Doug Bradley as Pinhead was the highlight of this film and he got to act a little more and experiment with the character, as this was the first film to really make him the star of the series. He got more screen time here than probably the first two films combined and it made this film enjoyable, despite its flaws.
While Kirtsy shows up in a cameo part, this was the first film without her as a protagonist. Actress Terry Farrell did good stepping into the role of hero. She was a strong character and was believable in the part, as she fought off the hordes of hell in order to bring a little balance to the universe.
The character of Terri was cute as hell but ultimately, her fate sucked. Between her and her scumbag boyfriend’s bickering and turn to evil, I kind of saw a very likable character too easily transformed into a despised character and it just didn’t seem to work well.
The biggest complaint about this installment in the series, is that the new Cenobites were awful. One had a television camera for an eye, another threw CDs like Chinese stars, it was gimmicky and atrocious. In fact, they looked like a couple fanboys doing some Borg cosplay at a Star Trek convention.
While this was a step down from the previous films, this one is still enjoyable.
Hellraiser: Bloodline (1996):
Release Date: March 8th, 1996 Directed by: Kevin Yagher (as Alan Smithee), Joe Chapelle (uncredited) Written by: Peter Atkins Based on: characters by Clive Barker Music by: Daniel Licht Cast: Bruce Ramsay, Valentina Vargas, Adam Scott, Doug Bradley, Phil Fondacaro
Dimension Films, Miramax Films, 85 Minutes
“Do I look like someone who cares what God thinks?” – Pinhead
Now we have reached the infamous fourth film in the series, Bloodline. I say “infamous” because the consensus is that this film was total shit and it was responsible for all the other sequels not getting theatrical releases. Well okay, it wasn’t a great movie. Although, it still had some good shit in it.
Granted, this film starts off in space and as most of us know, whenever a horror franchise goes to space, it is the end of the franchise. Friday the 13th tried it and failed, Leprechaun tried it and failed and Critters tried it and failed.

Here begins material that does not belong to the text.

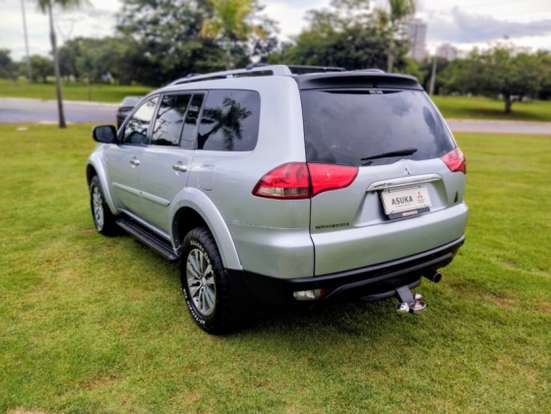 MITSUBISHI-PAJERO-2017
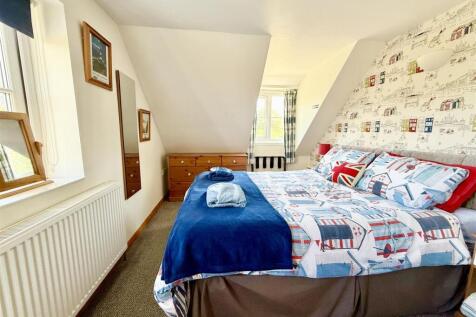 Iris bedroom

There are probably others too but you get the picture. Unlike the films I just mentioned though, Hellraiser: Bloodline didn’t turn to complete shit when they decided to go the space route. I guess some of that can be attributed to the fact that this story jumped around in time.
In fact, due to following different generations in time throughout this film, Bloodline felt more like an anthology movie. It also expanded the mythos once again and gave us an interesting origin for the puzzle box a.k.a. the Lament Configuration.

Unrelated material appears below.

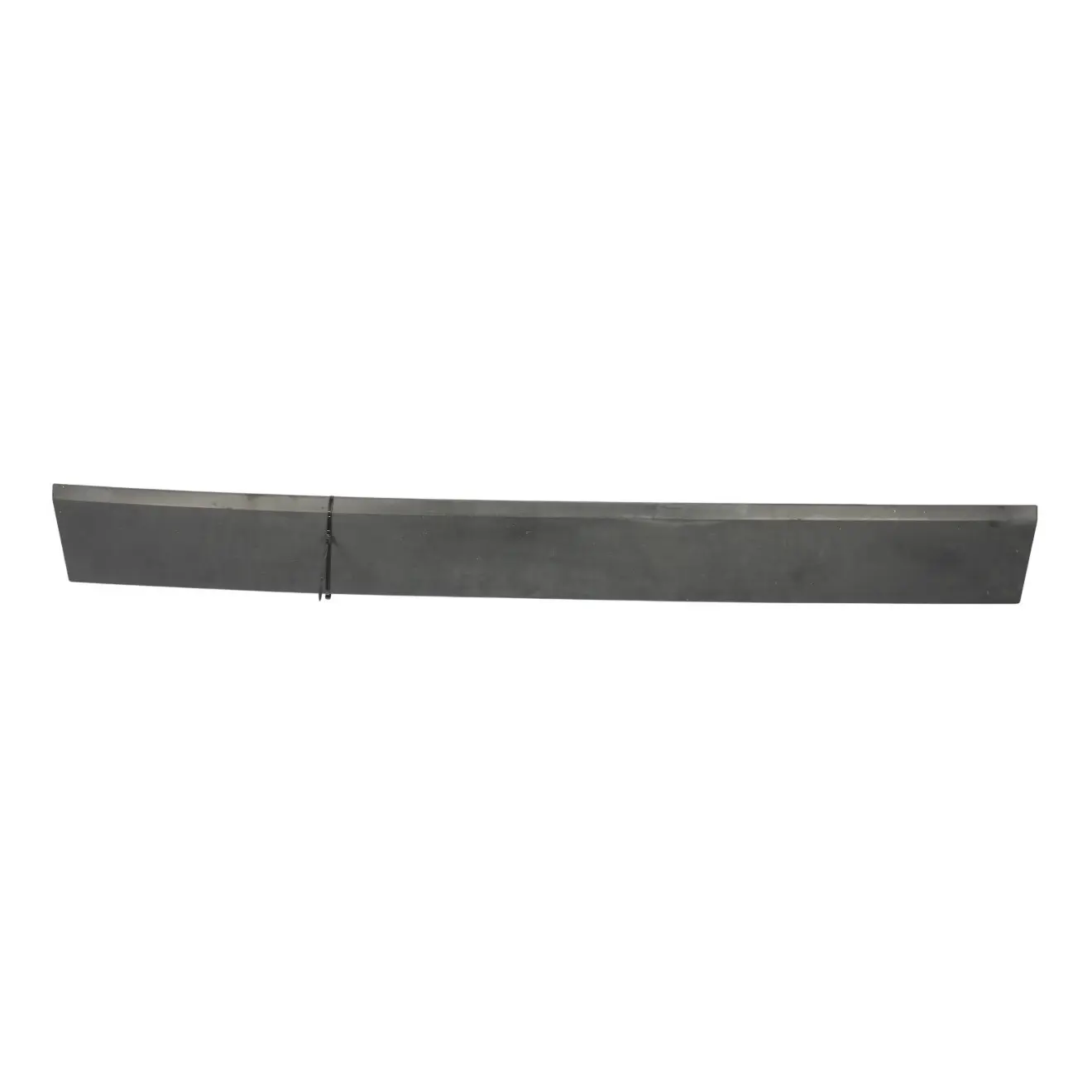 Land Rover Discovery 3 L319 Tailgate Trim Moulding External Lower DGP000184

Doug Bradley was fantastic again and at this point, four films in, he has reached the horror icon level only reserved for characters like Freddy Krueger, Jason Voorhees and Michael Myers.
An added bonus, is that the Cenobites are back to being in awesome form and not looking like phaser fodder from the set of Star Trek: Voyager.
And that’s it for the first four films in the series, I will soon follow up with part two of this review, covering films five through eight… and maybe the recent remake, if I can stomach sitting through its weak 75 minutes.